### [TASK PROMPT]
Could you print exactly the lines of the listing below, starting at the line that has "Gambar Batik Fractal" and ending at the line that has "- 14.09.2023 –", and only those lines?

### [INFORMATION GIVEN]
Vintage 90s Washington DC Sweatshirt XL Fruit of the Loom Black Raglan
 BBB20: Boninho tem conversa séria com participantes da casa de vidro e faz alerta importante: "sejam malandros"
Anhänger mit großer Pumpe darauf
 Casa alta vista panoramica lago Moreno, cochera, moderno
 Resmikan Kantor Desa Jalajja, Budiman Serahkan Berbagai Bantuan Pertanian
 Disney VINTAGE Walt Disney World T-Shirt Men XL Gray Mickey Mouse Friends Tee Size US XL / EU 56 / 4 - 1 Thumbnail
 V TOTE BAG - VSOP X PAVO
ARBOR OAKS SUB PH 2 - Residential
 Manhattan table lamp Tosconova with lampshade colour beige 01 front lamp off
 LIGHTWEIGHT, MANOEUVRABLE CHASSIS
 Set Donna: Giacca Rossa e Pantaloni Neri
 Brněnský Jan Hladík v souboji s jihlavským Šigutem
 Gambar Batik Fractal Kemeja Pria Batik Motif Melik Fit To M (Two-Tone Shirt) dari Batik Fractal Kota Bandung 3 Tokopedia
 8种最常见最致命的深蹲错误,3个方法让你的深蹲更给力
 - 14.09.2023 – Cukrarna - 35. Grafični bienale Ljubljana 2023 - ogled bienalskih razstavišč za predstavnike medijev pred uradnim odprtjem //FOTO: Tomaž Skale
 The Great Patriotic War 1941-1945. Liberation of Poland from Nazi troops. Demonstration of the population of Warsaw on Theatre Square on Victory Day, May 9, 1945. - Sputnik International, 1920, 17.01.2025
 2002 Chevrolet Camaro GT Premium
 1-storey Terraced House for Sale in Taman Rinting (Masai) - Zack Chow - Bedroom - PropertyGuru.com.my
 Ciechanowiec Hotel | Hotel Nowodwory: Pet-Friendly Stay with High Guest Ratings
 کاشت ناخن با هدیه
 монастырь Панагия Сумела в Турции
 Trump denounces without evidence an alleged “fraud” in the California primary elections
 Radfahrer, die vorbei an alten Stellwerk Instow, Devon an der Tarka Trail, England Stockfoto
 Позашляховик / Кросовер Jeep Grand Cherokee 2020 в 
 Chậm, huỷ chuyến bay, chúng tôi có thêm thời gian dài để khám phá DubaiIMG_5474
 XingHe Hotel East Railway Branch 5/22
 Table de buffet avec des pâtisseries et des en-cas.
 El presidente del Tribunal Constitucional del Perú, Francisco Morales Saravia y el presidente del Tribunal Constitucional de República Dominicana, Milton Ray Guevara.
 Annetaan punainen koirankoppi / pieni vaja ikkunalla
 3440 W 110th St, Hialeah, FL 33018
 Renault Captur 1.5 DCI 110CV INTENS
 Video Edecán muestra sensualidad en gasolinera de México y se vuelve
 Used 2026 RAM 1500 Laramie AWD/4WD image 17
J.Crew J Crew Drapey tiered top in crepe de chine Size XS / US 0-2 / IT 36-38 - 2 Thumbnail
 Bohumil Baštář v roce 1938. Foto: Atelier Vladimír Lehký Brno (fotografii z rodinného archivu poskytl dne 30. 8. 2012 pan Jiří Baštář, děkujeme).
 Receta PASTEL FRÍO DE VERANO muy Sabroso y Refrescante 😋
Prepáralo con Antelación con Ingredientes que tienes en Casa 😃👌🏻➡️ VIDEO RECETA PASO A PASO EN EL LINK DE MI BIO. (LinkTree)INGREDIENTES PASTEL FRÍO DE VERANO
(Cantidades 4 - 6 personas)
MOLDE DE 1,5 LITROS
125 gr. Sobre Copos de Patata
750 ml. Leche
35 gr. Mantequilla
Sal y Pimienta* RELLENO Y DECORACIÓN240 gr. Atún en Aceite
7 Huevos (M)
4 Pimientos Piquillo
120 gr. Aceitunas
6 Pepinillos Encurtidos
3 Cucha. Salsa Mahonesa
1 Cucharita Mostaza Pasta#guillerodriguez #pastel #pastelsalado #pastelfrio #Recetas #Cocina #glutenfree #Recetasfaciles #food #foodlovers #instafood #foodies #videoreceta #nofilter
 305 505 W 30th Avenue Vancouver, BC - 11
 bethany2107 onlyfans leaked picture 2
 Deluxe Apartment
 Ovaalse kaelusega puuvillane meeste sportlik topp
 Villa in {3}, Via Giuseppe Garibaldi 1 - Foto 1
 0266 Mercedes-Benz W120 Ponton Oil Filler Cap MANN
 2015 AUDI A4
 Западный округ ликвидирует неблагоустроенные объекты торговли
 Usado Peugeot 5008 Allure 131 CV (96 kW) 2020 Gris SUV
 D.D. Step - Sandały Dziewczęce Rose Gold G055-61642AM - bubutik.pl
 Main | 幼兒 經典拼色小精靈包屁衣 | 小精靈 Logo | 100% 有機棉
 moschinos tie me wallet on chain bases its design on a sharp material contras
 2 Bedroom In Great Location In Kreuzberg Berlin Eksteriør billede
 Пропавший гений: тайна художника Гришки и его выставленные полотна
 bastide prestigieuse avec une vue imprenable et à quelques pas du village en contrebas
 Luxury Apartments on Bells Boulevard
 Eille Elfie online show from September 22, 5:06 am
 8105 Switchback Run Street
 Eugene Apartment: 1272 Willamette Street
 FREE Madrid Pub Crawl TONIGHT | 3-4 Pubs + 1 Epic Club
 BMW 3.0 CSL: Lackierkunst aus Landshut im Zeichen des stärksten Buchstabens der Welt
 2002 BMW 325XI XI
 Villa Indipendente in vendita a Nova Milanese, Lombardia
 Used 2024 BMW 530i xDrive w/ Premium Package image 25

### [YOUR RESPONSE]
 Gambar Batik Fractal Kemeja Pria Batik Motif Melik Fit To M (Two-Tone Shirt) dari Batik Fractal Kota Bandung 3 Tokopedia
 8种最常见最致命的深蹲错误,3个方法让你的深蹲更给力
 - 14.09.2023 – Cukrarna - 35. Grafični bienale Ljubljana 2023 - ogled bienalskih razstavišč za predstavnike medijev pred uradnim odprtjem //FOTO: Tomaž Skale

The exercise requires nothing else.